● Task prompt: No picture should appear in the copy. Transcribe exactly, and only, the lines from the one with "Витамин к презентация биохимия" through the last line of the data below.

● Recorded information:

'''

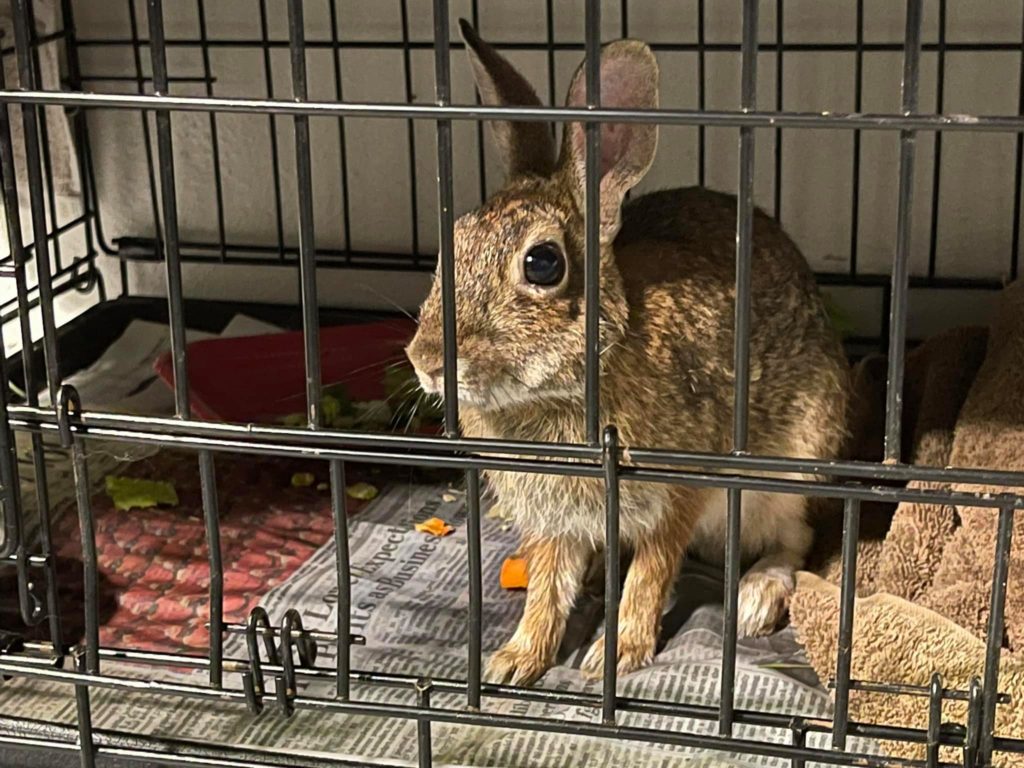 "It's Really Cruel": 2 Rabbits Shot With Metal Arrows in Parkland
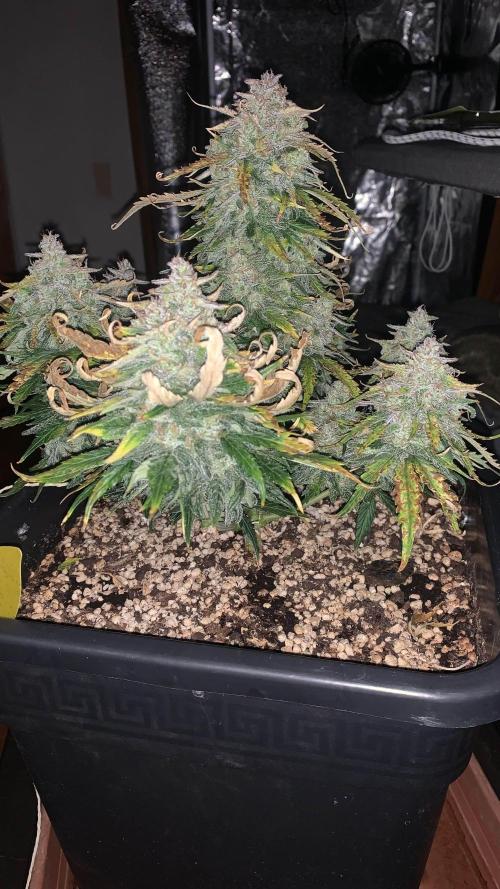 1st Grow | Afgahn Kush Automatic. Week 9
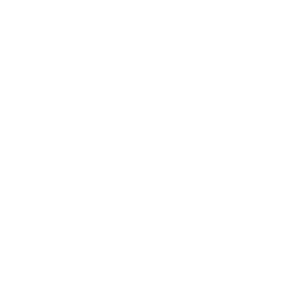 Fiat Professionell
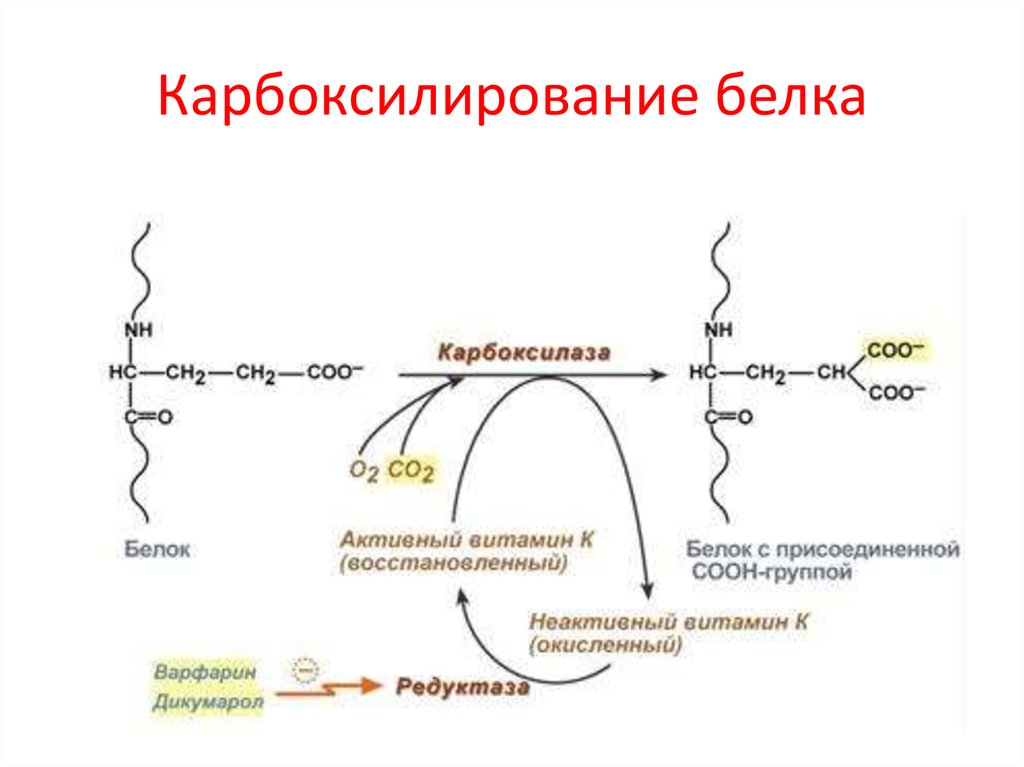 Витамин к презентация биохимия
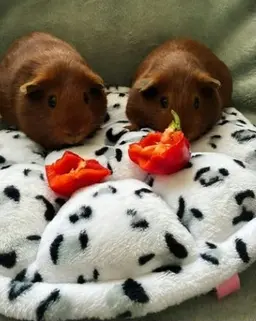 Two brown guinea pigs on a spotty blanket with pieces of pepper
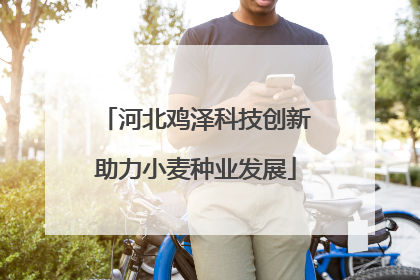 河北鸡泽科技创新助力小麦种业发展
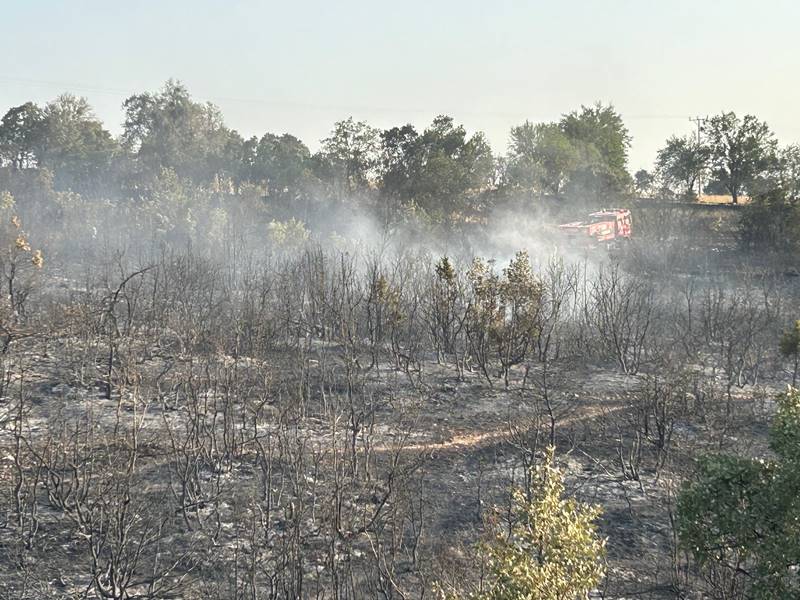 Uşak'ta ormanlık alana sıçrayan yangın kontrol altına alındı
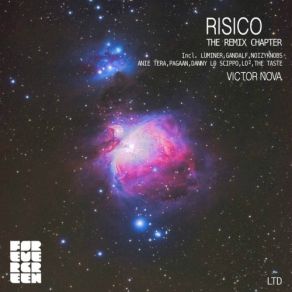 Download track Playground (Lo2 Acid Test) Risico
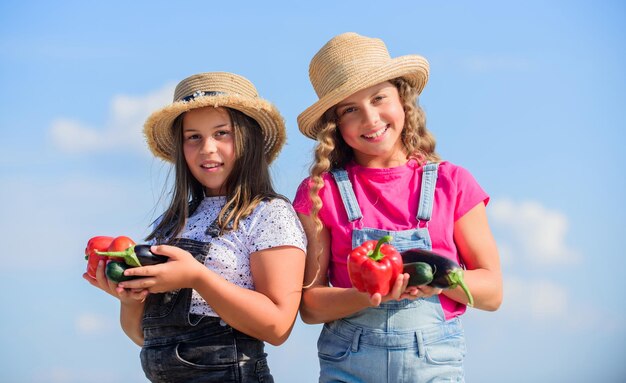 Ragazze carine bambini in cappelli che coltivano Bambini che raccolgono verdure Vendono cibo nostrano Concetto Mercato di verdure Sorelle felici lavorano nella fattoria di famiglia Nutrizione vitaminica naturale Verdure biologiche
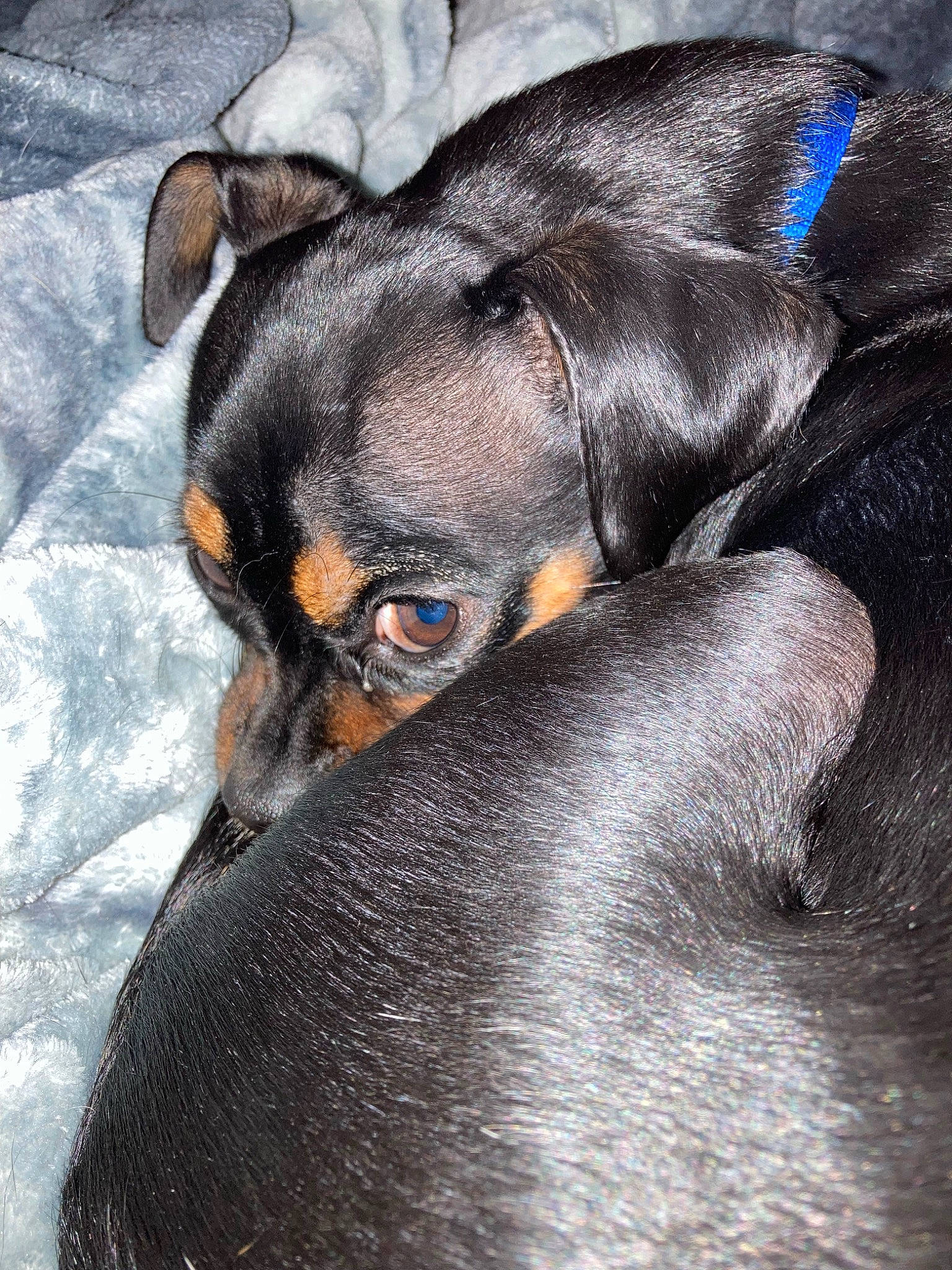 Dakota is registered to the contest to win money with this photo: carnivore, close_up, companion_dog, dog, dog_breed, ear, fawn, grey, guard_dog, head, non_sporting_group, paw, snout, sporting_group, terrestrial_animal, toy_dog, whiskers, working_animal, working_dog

'''

● Result:
 Витамин к презентация биохимия
 Two brown guinea pigs on a spotty blanket with pieces of pepper
 河北鸡泽科技创新助力小麦种业发展
 Uşak'ta ormanlık alana sıçrayan yangın kontrol altına alındı
 Download track Playground (Lo2 Acid Test) Risico
 Ragazze carine bambini in cappelli che coltivano Bambini che raccolgono verdure Vendono cibo nostrano Concetto Mercato di verdure Sorelle felici lavorano nella fattoria di famiglia Nutrizione vitaminica naturale Verdure biologiche
 Dakota is registered to the contest to win money with this photo: carnivore, close_up, companion_dog, dog, dog_breed, ear, fawn, grey, guard_dog, head, non_sporting_group, paw, snout, sporting_group, terrestrial_animal, toy_dog, whiskers, working_animal, working_dog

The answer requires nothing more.